▸ **Entries shown**
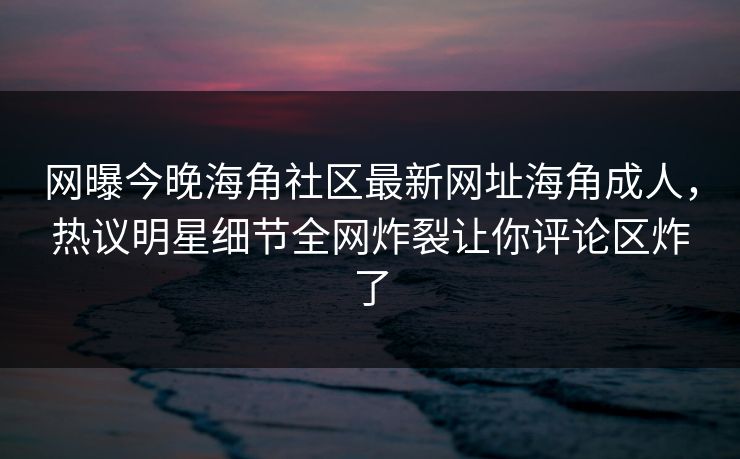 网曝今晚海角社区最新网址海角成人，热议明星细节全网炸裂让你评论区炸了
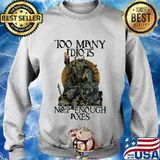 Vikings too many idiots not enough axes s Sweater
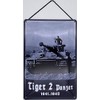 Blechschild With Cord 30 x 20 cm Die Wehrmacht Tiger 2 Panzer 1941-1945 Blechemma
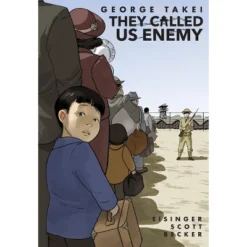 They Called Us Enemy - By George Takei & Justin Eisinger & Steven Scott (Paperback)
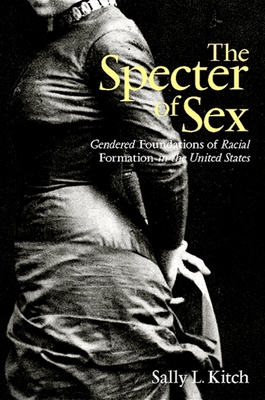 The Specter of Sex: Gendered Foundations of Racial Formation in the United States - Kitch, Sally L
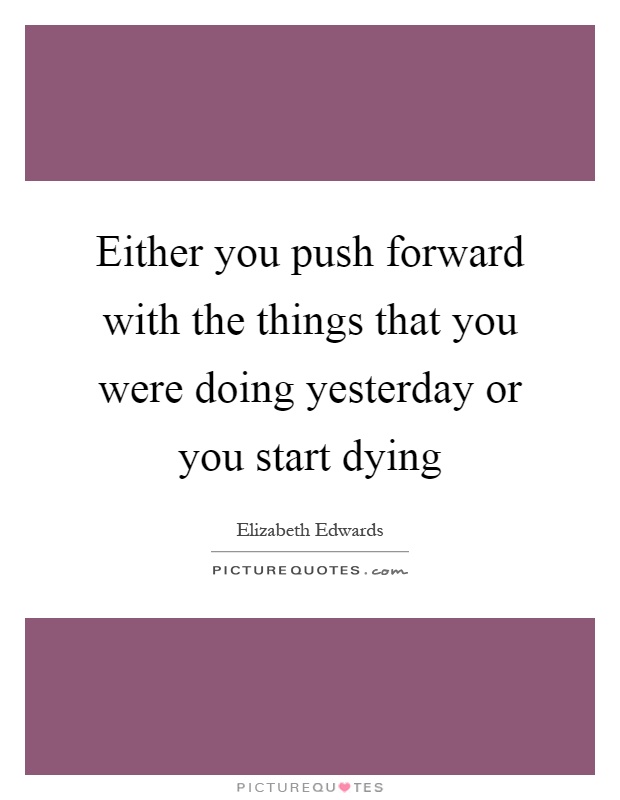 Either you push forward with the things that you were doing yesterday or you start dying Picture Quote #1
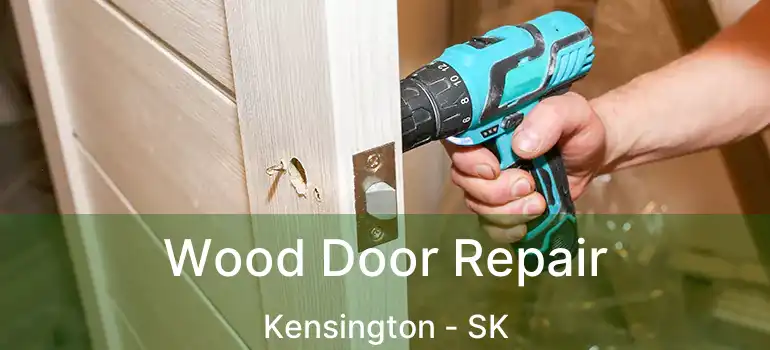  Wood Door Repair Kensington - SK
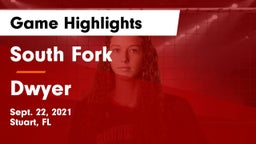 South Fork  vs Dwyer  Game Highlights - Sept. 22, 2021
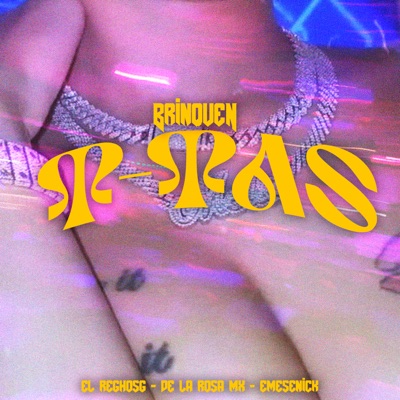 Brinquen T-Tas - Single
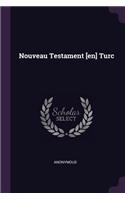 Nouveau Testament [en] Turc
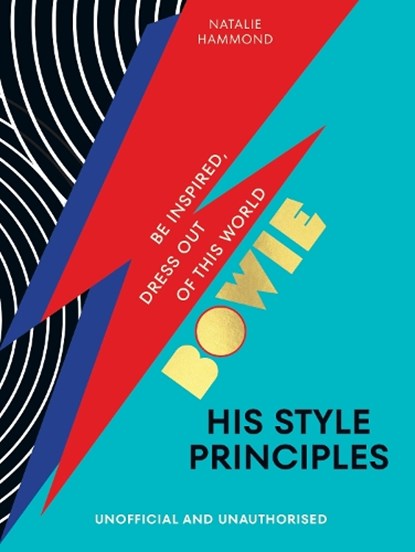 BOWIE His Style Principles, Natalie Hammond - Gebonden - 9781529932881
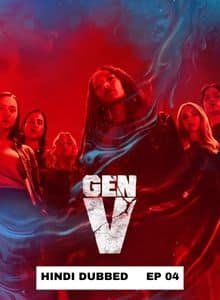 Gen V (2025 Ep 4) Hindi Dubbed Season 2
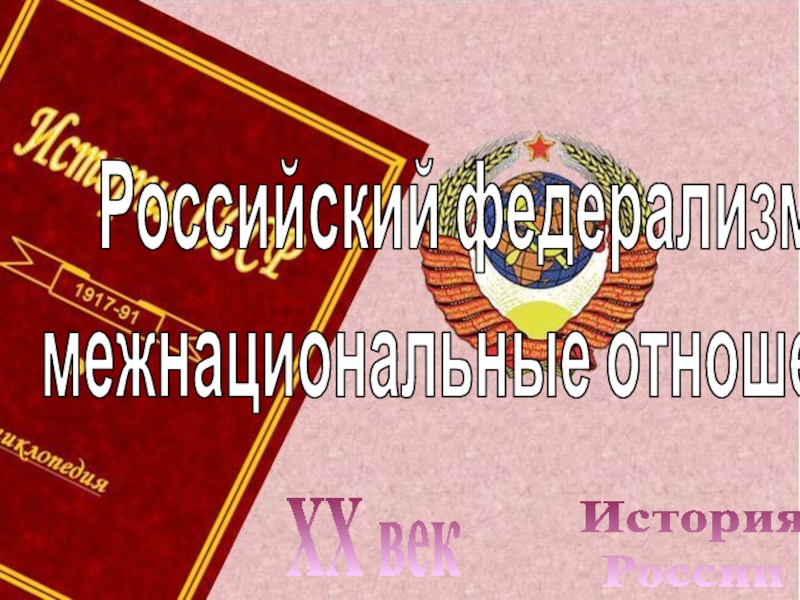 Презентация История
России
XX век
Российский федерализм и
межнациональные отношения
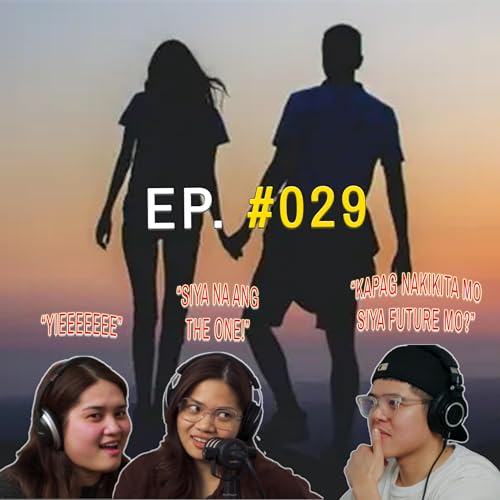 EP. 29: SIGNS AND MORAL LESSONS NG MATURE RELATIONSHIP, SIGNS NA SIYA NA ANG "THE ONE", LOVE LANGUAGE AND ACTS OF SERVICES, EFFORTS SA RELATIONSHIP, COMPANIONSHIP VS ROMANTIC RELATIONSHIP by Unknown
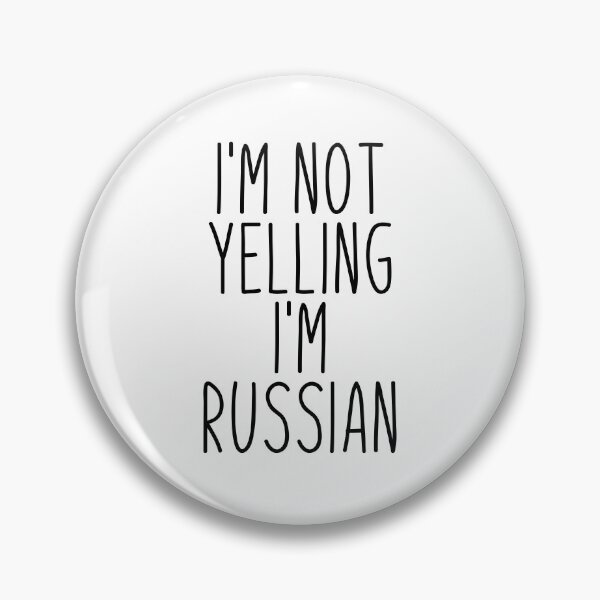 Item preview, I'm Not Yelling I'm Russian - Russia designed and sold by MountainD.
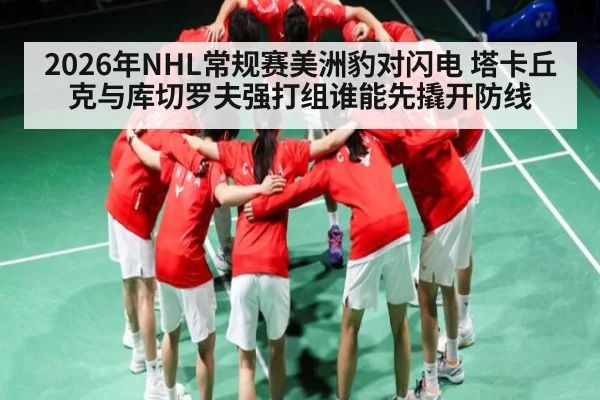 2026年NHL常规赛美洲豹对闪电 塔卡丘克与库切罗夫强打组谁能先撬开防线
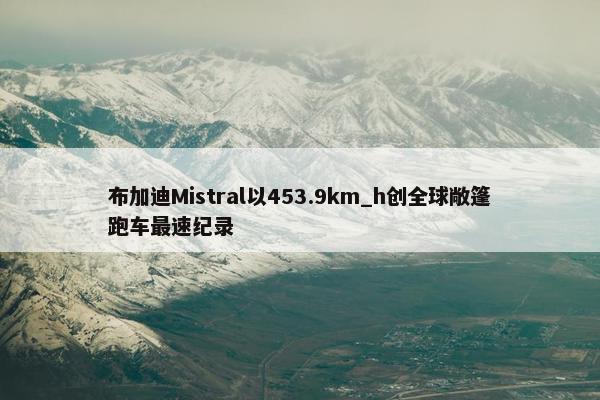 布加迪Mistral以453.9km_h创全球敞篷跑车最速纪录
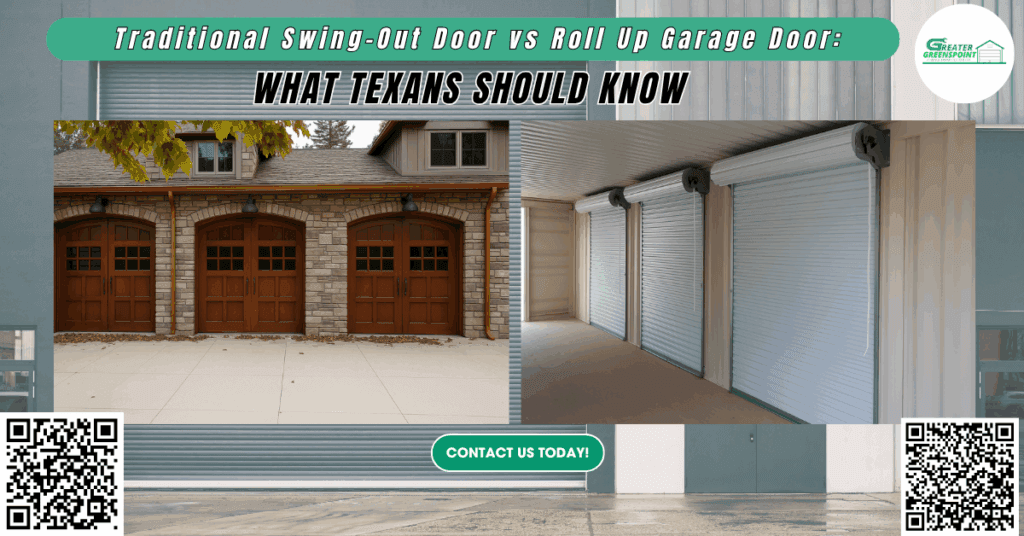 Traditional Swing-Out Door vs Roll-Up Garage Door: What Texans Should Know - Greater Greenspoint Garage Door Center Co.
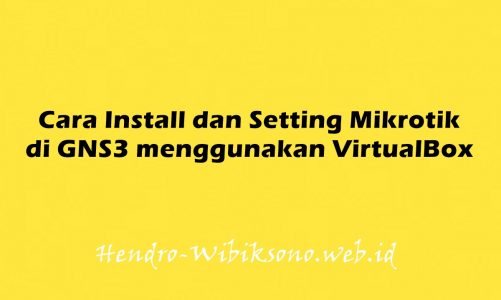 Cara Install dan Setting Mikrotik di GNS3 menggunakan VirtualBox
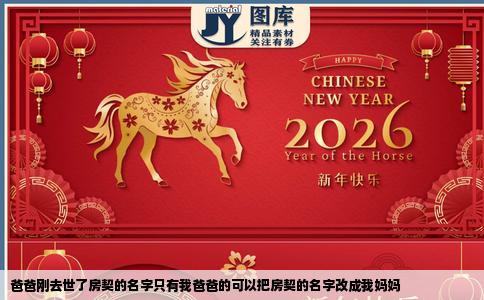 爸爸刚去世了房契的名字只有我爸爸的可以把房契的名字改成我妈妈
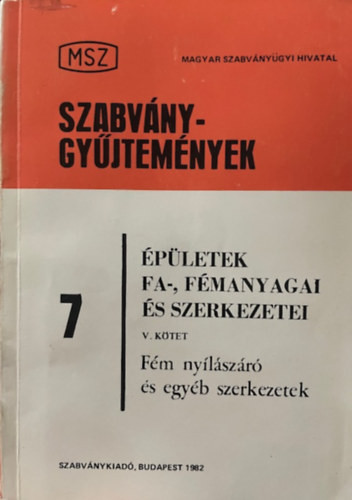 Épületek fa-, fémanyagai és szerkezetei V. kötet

▸ **What the task asks**
Skip the pictures, then return the rest of the data exactly.

▸ **Your solution**
 网曝今晚海角社区最新网址海角成人，热议明星细节全网炸裂让你评论区炸了
 Vikings too many idiots not enough axes s Sweater
 Blechschild With Cord 30 x 20 cm Die Wehrmacht Tiger 2 Panzer 1941-1945 Blechemma
 They Called Us Enemy - By George Takei & Justin Eisinger & Steven Scott (Paperback)
 The Specter of Sex: Gendered Foundations of Racial Formation in the United States - Kitch, Sally L
 Either you push forward with the things that you were doing yesterday or you start dying Picture Quote #1
  Wood Door Repair Kensington - SK
 South Fork  vs Dwyer  Game Highlights - Sept. 22, 2021
 Brinquen T-Tas - Single
 Nouveau Testament [en] Turc
 BOWIE His Style Principles, Natalie Hammond - Gebonden - 9781529932881
 Gen V (2025 Ep 4) Hindi Dubbed Season 2
 Презентация История
России
XX век
Российский федерализм и
межнациональные отношения
 EP. 29: SIGNS AND MORAL LESSONS NG MATURE RELATIONSHIP, SIGNS NA SIYA NA ANG "THE ONE", LOVE LANGUAGE AND ACTS OF SERVICES, EFFORTS SA RELATIONSHIP, COMPANIONSHIP VS ROMANTIC RELATIONSHIP by Unknown
 Item preview, I'm Not Yelling I'm Russian - Russia designed and sold by MountainD.
 2026年NHL常规赛美洲豹对闪电 塔卡丘克与库切罗夫强打组谁能先撬开防线
 布加迪Mistral以453.9km_h创全球敞篷跑车最速纪录
 Traditional Swing-Out Door vs Roll-Up Garage Door: What Texans Should Know - Greater Greenspoint Garage Door Center Co.
 Cara Install dan Setting Mikrotik di GNS3 menggunakan VirtualBox
 爸爸刚去世了房契的名字只有我爸爸的可以把房契的名字改成我妈妈
 Épületek fa-, fémanyagai és szerkezetei V. kötet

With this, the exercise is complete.